Re: [xmpp] [precis] review of draft-ietf-xmpp-6122bis-12

"Joe Hildebrand (jhildebr)" <jhildebr@cisco.com> Thu, 31 July 2014 15:49 UTC

From: "Joe Hildebrand (jhildebr)" <jhildebr@cisco.com>
To: Florian Zeitz <florob@babelmonkeys.de>, "xmpp@ietf.org" <xmpp@ietf.org>, "precis@ietf.org" <precis@ietf.org>
Thread-Topic: [precis] review of draft-ietf-xmpp-6122bis-12
Thread-Index: AQHPrDzL9R10zr+WqkC/gobE1sN1DZu5kueAgACx84A=
Date: Thu, 31 Jul 2014 15:49:40 +0000
Message-ID: <CFFFBD55.575F2%jhildebr@cisco.com>
References: <CFFEBEEE.575AE%jhildebr@cisco.com> <53D97BF1.6010602@babelmonkeys.de>
In-Reply-To: <53D97BF1.6010602@babelmonkeys.de>
Accept-Language: en-US
Content-Language: en-US
user-agent: Microsoft-MacOutlook/14.4.3.140616
Content-Type: text/plain; charset="utf-8"
Content-ID: <EBE82659C1FD6544BFF1BF80C9147498@emea.cisco.com>
Content-Transfer-Encoding: base64
MIME-Version: 1.0
Archived-At: http://mailarchive.ietf.org/arch/msg/xmpp/25_fxpOzT1Dh2sNtB2LUqTY_VWY
Subject: Re: [xmpp] [precis] review of draft-ietf-xmpp-6122bis-12
Precedence: list

On 7/30/14, 5:12 PM, "Florian Zeitz" <florob@babelmonkeys.de> wrote:

>Hy Joe, I largely agree with your comments. Some remarks inline.
>
>On 30.07.2014 23:25, Joe Hildebrand (jhildebr) wrote:
>> [...]
>>  > 3.1.  Fundamentals
>>  > 
>>  >       jid           = [ localpart "@" ] domainpart [ "/"
>>resourcepart ]
>>  >       localpart     = 1*1023(localpoint)
>>  >                       ;
>>  >                       ; a "localpoint" is a UTF-8 encoded
>>  >                       ; Unicode code point that conforms to
>>  >                       ; the "JIDlocalIdentifierClass" profile
>>  >                       ; of the PRECIS IdentifierClass
>>  >                       ;
>> 
>> This implies 1023 codepoints, not 1023 bytes to me. Same issue for ifqdn
>> and resourcepart.  6122 just had 1*; I think going back to that would be
>> fine since we have a rule below that captures the max size.
>> 
>That is somewhat debatable. 1* is as correct/wrong as 1*1023 is.
>1023 is an upper limit on the number of codepoints (all of them 7-bit
>ASCII), it does however not capture the separate rule about the maximum
>number of bytes. I'm not sure which version is less confusing.

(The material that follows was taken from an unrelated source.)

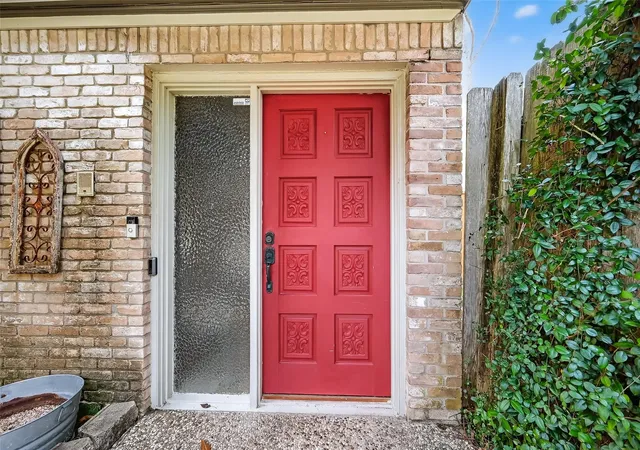 Homes for sale in Missouri City, TX | 2810 Quail Hollow Dr, Missouri City, TX 77459 | MLS# 39267410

I'm remembering that we decided that ABNF only worked on octets, not
codepoints.  Maybe we just need to tweak the explanatory text, perhaps
like this:


a "localpoint" is a byte from a UTF-8 encoded...

and perhaps s/localpoint/localbyte/g


>> [snip: when are rules applied, what about dumb clients?]
>I specifically pushed for having text clarifying this. I thought it was
>sufficiently covered in Section 4. Do you disagree, and/or think we need
>a forward reference here?

A reference to section 4 would make me happier, although it's still not
clear that some of the rules are ones clients MUST do if they want interop.

>>  >    A localpart MUST consist only of Unicode code points that conform
>>to
>>  >    the "JIDlocalIdentifierClass" profile of the "IdentifierClass"
>>base
>>  >    string class defined in [I-D.ietf-precis-framework].  The
>>  >    JIDlocalIdentifierClass profile includes all code points allowed
>>by
>>  >    the IdentifierClass base class, with the exception of the
>>following
>>  >    characters that are explicitly disallowed in XMPP localparts:
>> 
>> (special precis focus)
>> I would have expected this to be phrased more similarly to step 2 of
>> http://tools.ietf.org/html/draft-ietf-precis-framework-17#section-5, or
>> for section 5 to just have a step about codepoints forbidden in a given
>> usage of the selected precis class.
>> 
>Personally I think this is fine. It's what I would have expected from
>the description in
><http://tools.ietf.org/html/draft-ietf-precis-framework-17#section-4.1.6>.
>If anything, I would have expected this to be phrased similarly to
>section 3.2.3 or 3.3.3 (Disallowed).
>My understanding is that this would be checked as part of step 5 in
>section 5.

Because of a lack of parallel structure, the precis framework doc is not
clear to me on this point.  I think this is something that should be
clarified, since my understanding is we're about to open that doc back up
for edits on exactly this point; how to take one of the classes and mold
it to the needs of your protocol by prohibiting particular codepoints.

>> [...]
>>  >    1.  Fullwidth and halfwidth characters MAY be mapped to their
>>  >        decomposition mappings.
>> 
>> (precis)
>> I need a hint as to when do this.  "MAY" isn't nearly enough.
>> 
>I think this actually relates a lot to how we expect XMPP resources to
>be used. They are not supposed to be entered by users. Possibly not even
>user visible.
>
>If this mapping was only relevant to servers, I'd say "whatever floats
>your boat". Make it implementation defined behaviour and that is that.
>Servers probably wouldn't implement it, because it's pointless work.
>
>However, thick clients have some features that communicate full JIDs
>between clients directly. For this case it is potentially vital that
>both clients perform the same set of mappings. Hence, I actually tend to
>prefer "MUST NOT" here.

MUST NOT would make me happy.  It will increase interoperability.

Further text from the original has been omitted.